Cotton requires washing soda, not vinegar to set!).  We are now into Monet’s softer period! 

This summer I painted a lace scarf with Angora and a large cashmere shawl with a silk edging.  And I am working on a mohair/silk twinset!  Every time we try something new we learn and that carries over onto our next projects!http://www.flickr.com/photos/24365805@N06/sets/72157624629074792/


Happy knitting


Another source of information on Painting with Dyes is in the Twist Collective Fall 2009 – I am not the only crazy one out there!

3 Responses to Handpainting Lace with Dyes!

  1. Lynette: Congratulations! This is wonderful news! You must be over the moon! And it is OBVIOUS why you will be published! Your work is fantastic! I love your blog too.

  2. What you are doing is absolutely stunning! I cannot believe that there is so little activity here. I immediately ordered the book about dying lace. My knitting technique is Swing knitting (Nadita on Ravelry) and dying after knitting will add natural enrichment to it.
    Maureen O’ Connor says you will be published? Has that happened? Can I get a copy?

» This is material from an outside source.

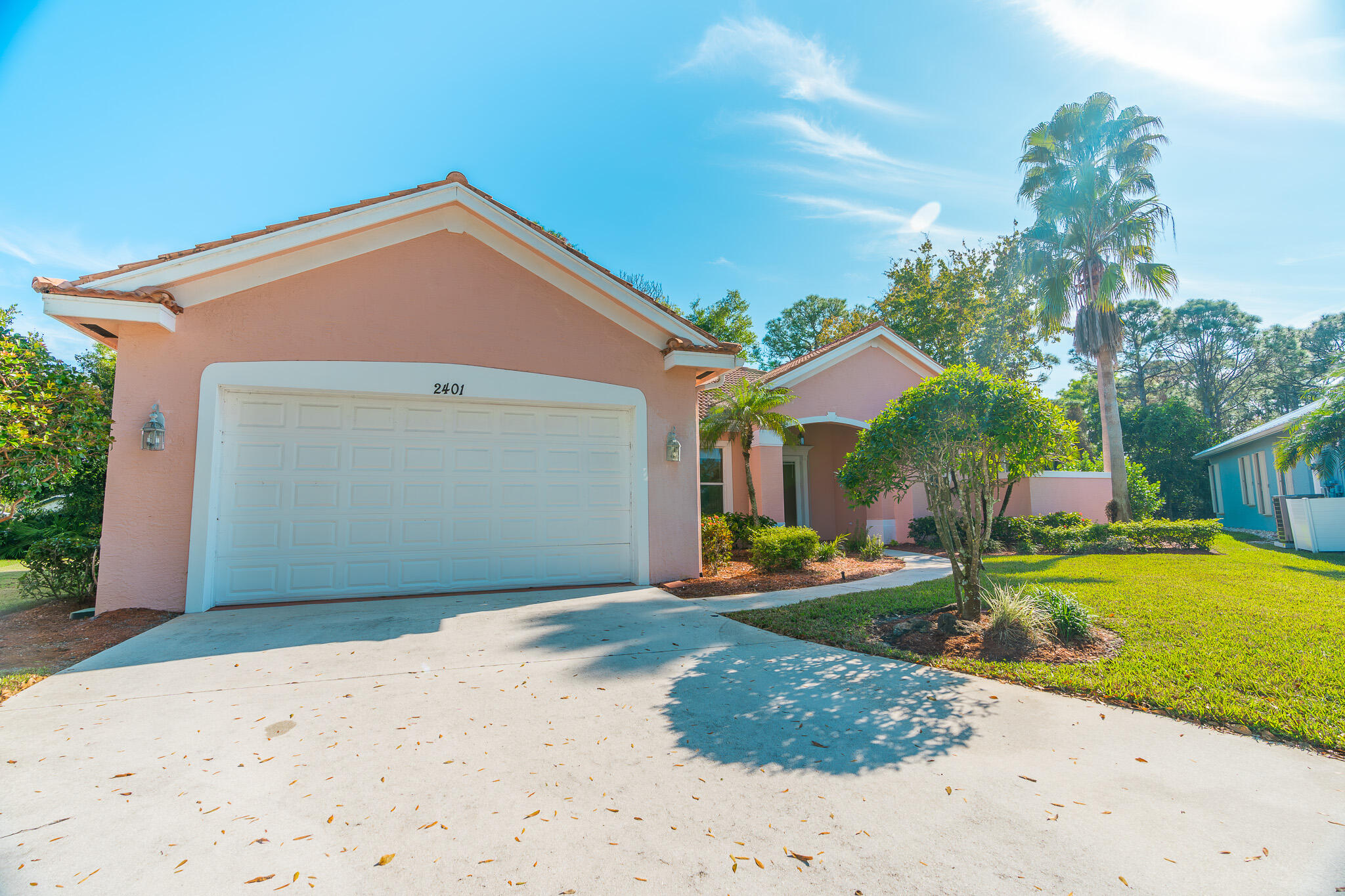 2401 SW Carriage Place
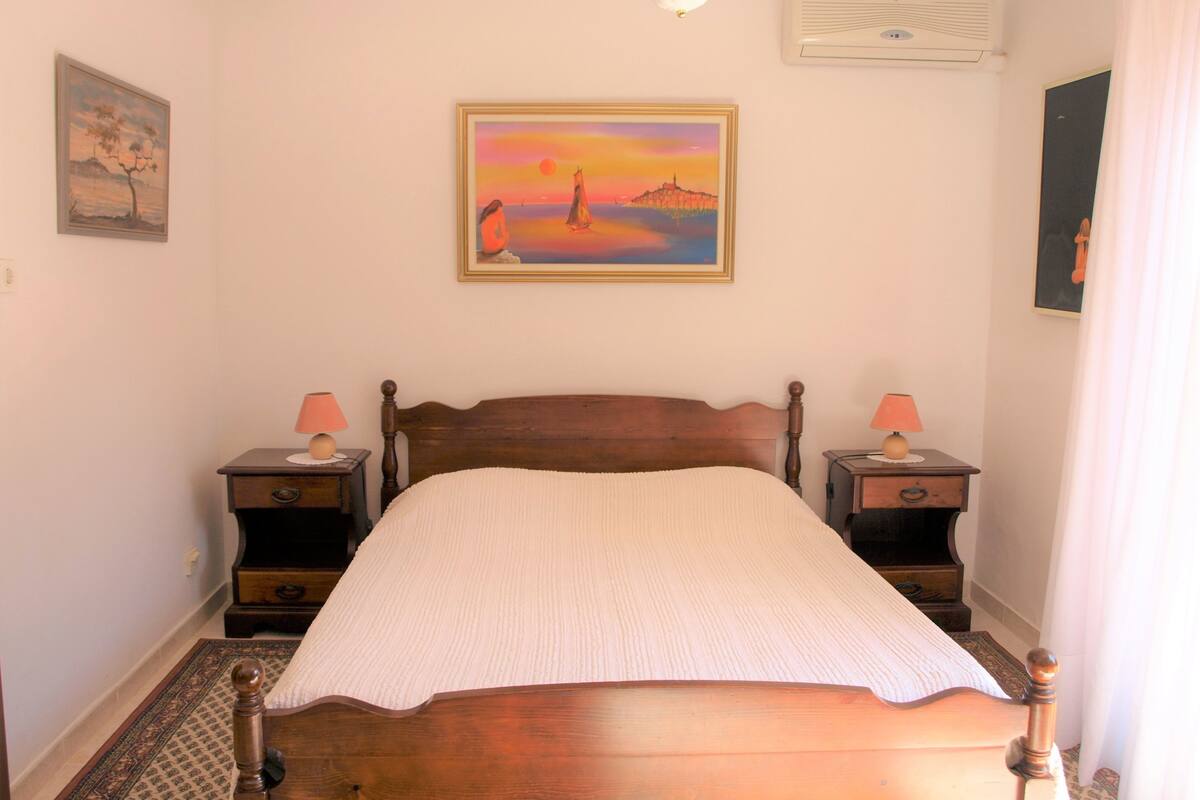 Grand Room, Balcony, Sea View | Desk, free WiFi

    • Good Morning Brigitte,
      Maureen is right. I have been published. First In Vogue Early Fall 2011 and in a few Vogue Knitting Books since then. I have patterns in the next two Vogue Knitting Book, Fall (30th Anniversary and Holiday 2012). There are no books or anything like that.
      I am thrilled that you are interested in trying out the technique. I really enjoy the way that it enhances my knitting!

      Thanks for all of the positive feedback!